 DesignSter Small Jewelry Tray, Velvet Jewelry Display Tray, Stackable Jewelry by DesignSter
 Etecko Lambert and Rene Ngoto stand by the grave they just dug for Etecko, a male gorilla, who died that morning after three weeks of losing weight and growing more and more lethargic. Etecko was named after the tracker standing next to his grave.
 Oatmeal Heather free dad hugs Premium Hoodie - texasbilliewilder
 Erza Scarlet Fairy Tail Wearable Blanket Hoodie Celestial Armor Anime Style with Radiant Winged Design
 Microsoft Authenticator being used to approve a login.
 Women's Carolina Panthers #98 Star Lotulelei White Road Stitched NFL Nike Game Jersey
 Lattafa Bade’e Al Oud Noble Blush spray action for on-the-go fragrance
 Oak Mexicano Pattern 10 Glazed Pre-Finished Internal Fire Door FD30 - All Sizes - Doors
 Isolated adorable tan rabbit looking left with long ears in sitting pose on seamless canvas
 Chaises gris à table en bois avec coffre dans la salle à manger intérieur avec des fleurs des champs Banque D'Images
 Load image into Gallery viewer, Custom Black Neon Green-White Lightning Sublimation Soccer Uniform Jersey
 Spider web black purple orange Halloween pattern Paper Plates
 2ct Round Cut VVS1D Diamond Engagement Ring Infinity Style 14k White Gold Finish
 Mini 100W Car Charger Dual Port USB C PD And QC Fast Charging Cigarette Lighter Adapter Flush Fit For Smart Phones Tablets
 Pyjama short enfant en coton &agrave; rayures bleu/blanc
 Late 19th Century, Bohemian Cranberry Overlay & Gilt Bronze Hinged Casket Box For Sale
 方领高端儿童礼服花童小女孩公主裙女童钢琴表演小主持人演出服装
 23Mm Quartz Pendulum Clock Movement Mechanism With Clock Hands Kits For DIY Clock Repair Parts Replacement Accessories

──────────────────────────────

Would you copy out all the entries above without changing a single character?

 DesignSter Small Jewelry Tray, Velvet Jewelry Display Tray, Stackable Jewelry by DesignSter
 Etecko Lambert and Rene Ngoto stand by the grave they just dug for Etecko, a male gorilla, who died that morning after three weeks of losing weight and growing more and more lethargic. Etecko was named after the tracker standing next to his grave.
 Oatmeal Heather free dad hugs Premium Hoodie - texasbilliewilder
 Erza Scarlet Fairy Tail Wearable Blanket Hoodie Celestial Armor Anime Style with Radiant Winged Design
 Microsoft Authenticator being used to approve a login.
 Women's Carolina Panthers #98 Star Lotulelei White Road Stitched NFL Nike Game Jersey
 Lattafa Bade’e Al Oud Noble Blush spray action for on-the-go fragrance
 Oak Mexicano Pattern 10 Glazed Pre-Finished Internal Fire Door FD30 - All Sizes - Doors
 Isolated adorable tan rabbit looking left with long ears in sitting pose on seamless canvas
 Chaises gris à table en bois avec coffre dans la salle à manger intérieur avec des fleurs des champs Banque D'Images
 Load image into Gallery viewer, Custom Black Neon Green-White Lightning Sublimation Soccer Uniform Jersey
 Spider web black purple orange Halloween pattern Paper Plates
 2ct Round Cut VVS1D Diamond Engagement Ring Infinity Style 14k White Gold Finish
 Mini 100W Car Charger Dual Port USB C PD And QC Fast Charging Cigarette Lighter Adapter Flush Fit For Smart Phones Tablets
 Pyjama short enfant en coton &agrave; rayures bleu/blanc
 Late 19th Century, Bohemian Cranberry Overlay & Gilt Bronze Hinged Casket Box For Sale
 方领高端儿童礼服花童小女孩公主裙女童钢琴表演小主持人演出服装
 23Mm Quartz Pendulum Clock Movement Mechanism With Clock Hands Kits For DIY Clock Repair Parts Replacement Accessories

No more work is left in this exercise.